With the material below, print exactly the lines between the line holding "一人公司实战全课｜36种起盘" and the line holding "304不锈钢一体式内丝螺纹球阀带排气阀自来水管道阀门DN15 20 25", inclusive. Add nothing else.

Records supplied ->
◆ ◆ ◆

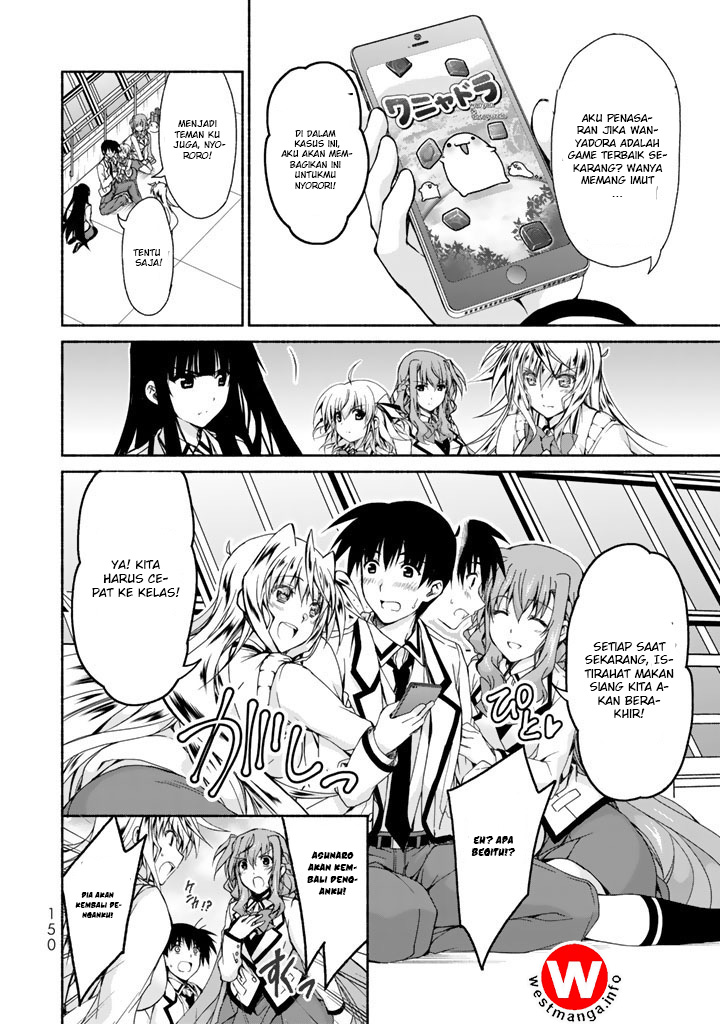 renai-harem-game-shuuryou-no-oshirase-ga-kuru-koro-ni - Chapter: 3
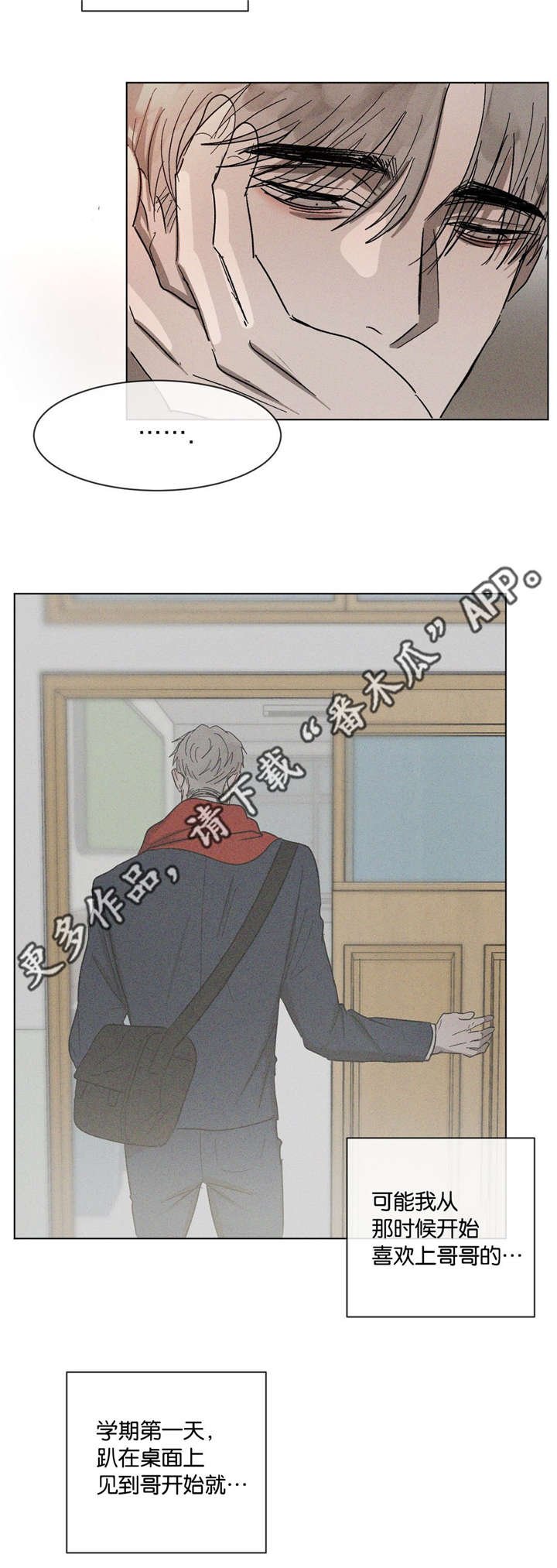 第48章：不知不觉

◆ ◆ ◆

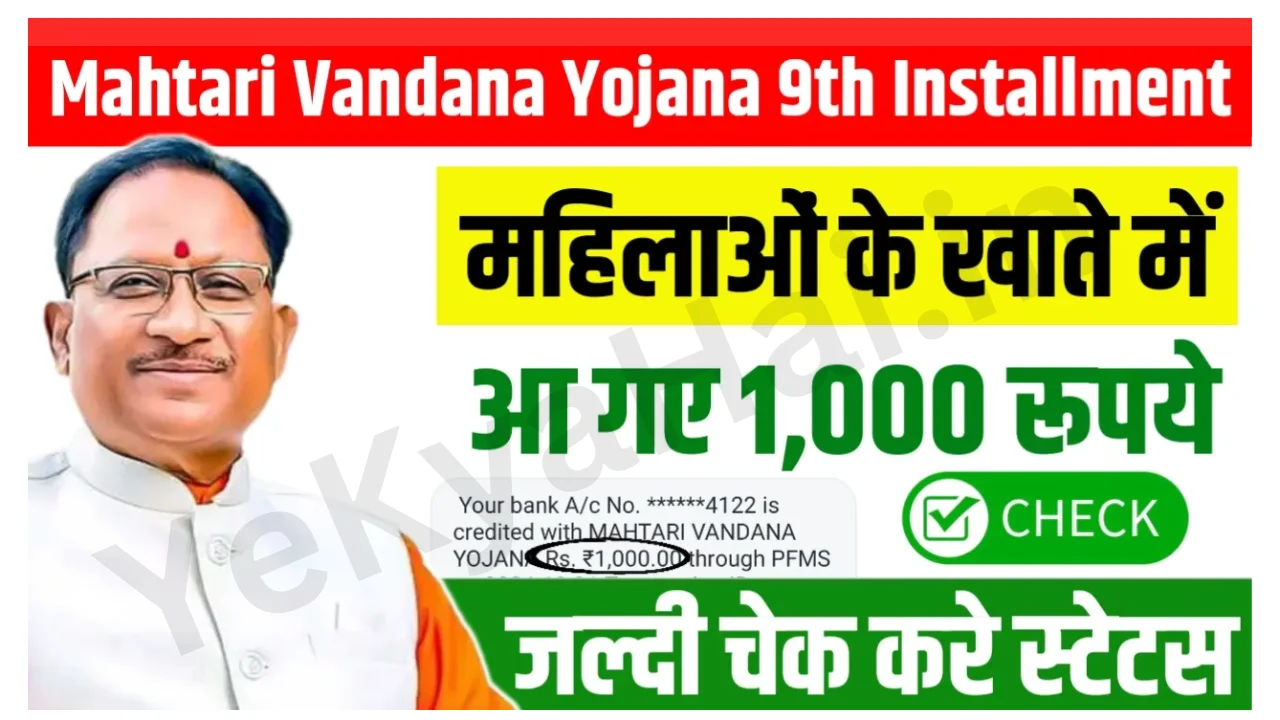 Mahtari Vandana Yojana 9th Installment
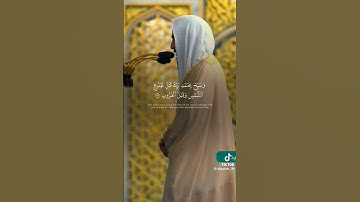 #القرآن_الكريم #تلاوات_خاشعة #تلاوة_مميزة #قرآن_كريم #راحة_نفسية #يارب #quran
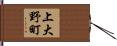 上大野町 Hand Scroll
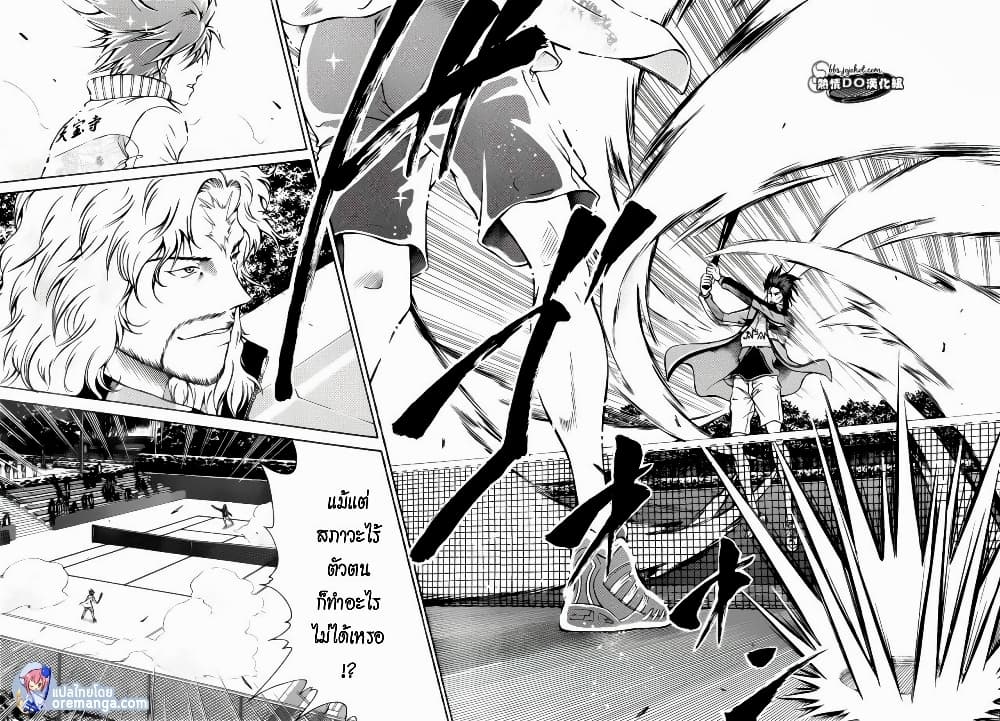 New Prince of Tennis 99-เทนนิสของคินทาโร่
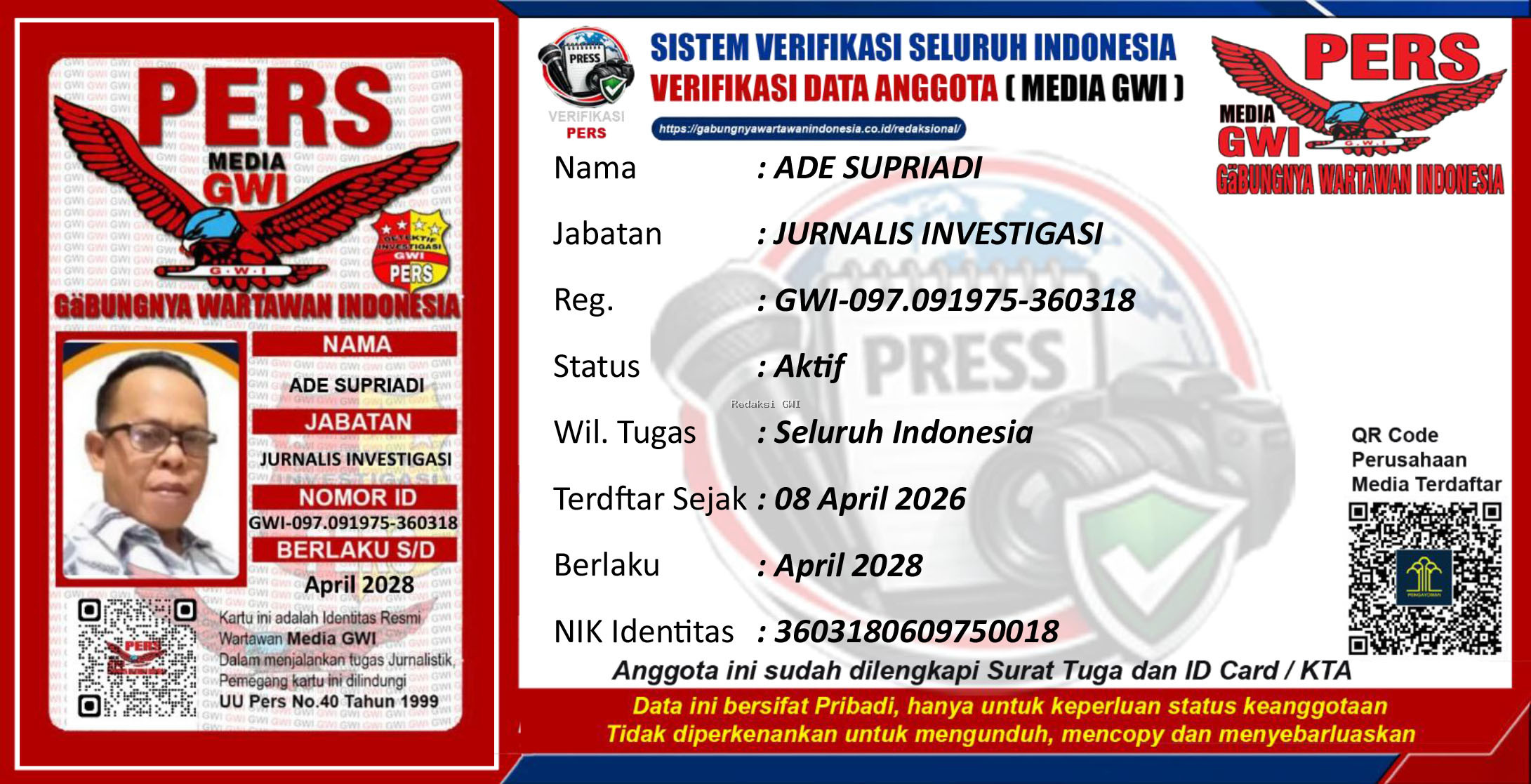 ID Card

◆ ◆ ◆

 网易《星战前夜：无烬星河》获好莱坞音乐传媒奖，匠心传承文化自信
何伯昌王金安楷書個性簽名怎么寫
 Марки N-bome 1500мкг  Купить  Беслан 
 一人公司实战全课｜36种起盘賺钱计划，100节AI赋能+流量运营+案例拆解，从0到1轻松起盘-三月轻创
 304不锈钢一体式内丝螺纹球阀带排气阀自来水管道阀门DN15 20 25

◆ ◆ ◆

Answer space ->
 一人公司实战全课｜36种起盘賺钱计划，100节AI赋能+流量运营+案例拆解，从0到1轻松起盘-三月轻创
 304不锈钢一体式内丝螺纹球阀带排气阀自来水管道阀门DN15 20 25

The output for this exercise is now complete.